_EXTRACTED MATERIAL:_
————
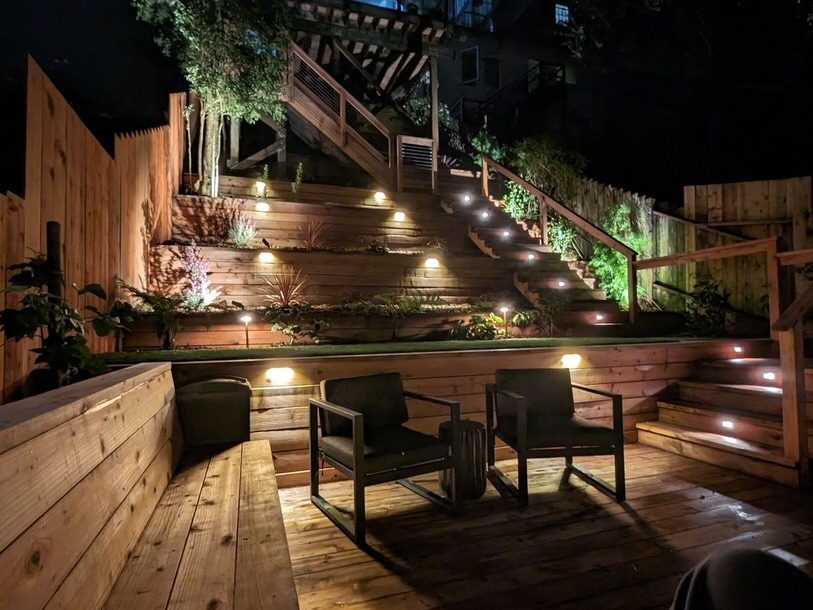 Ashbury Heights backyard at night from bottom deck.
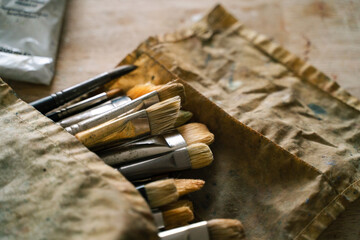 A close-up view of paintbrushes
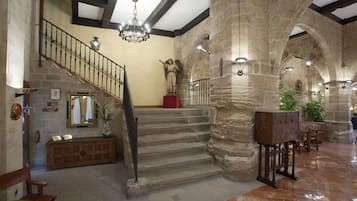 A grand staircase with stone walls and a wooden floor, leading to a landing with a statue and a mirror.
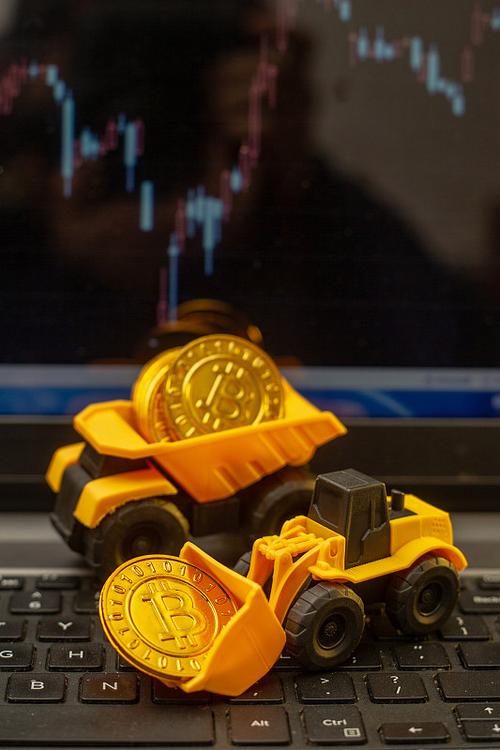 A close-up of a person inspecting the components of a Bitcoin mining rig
————
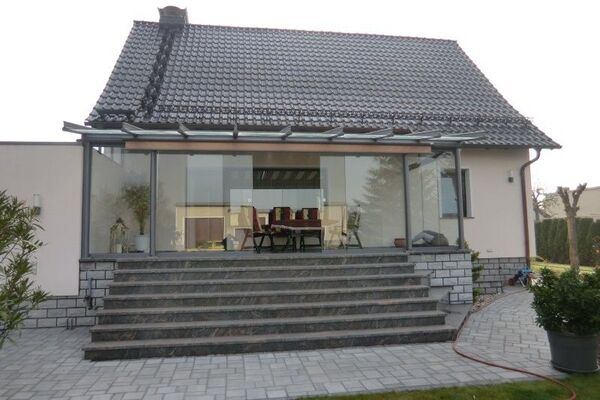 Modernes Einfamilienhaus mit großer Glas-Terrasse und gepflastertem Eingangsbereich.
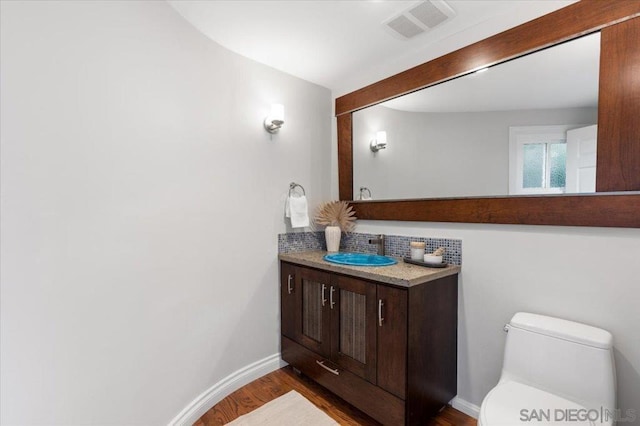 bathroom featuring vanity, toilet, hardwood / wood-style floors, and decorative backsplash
————
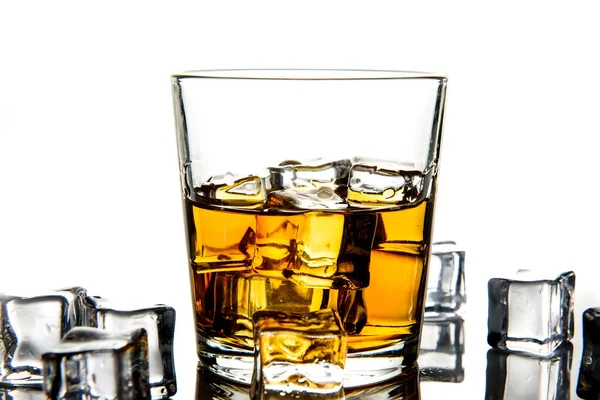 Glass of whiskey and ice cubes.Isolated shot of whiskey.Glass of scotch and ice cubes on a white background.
————
_TRY IT:_ Transcribe the lines above exactly, beginning at the one with "Modernes Einfamilienhaus mit" and ending at the one with "bathroom featuring vanity, toilet, hardwood". Include both; exclude the pictures.

_RESPONSE:_
 Modernes Einfamilienhaus mit großer Glas-Terrasse und gepflastertem Eingangsbereich.
 bathroom featuring vanity, toilet, hardwood / wood-style floors, and decorative backsplash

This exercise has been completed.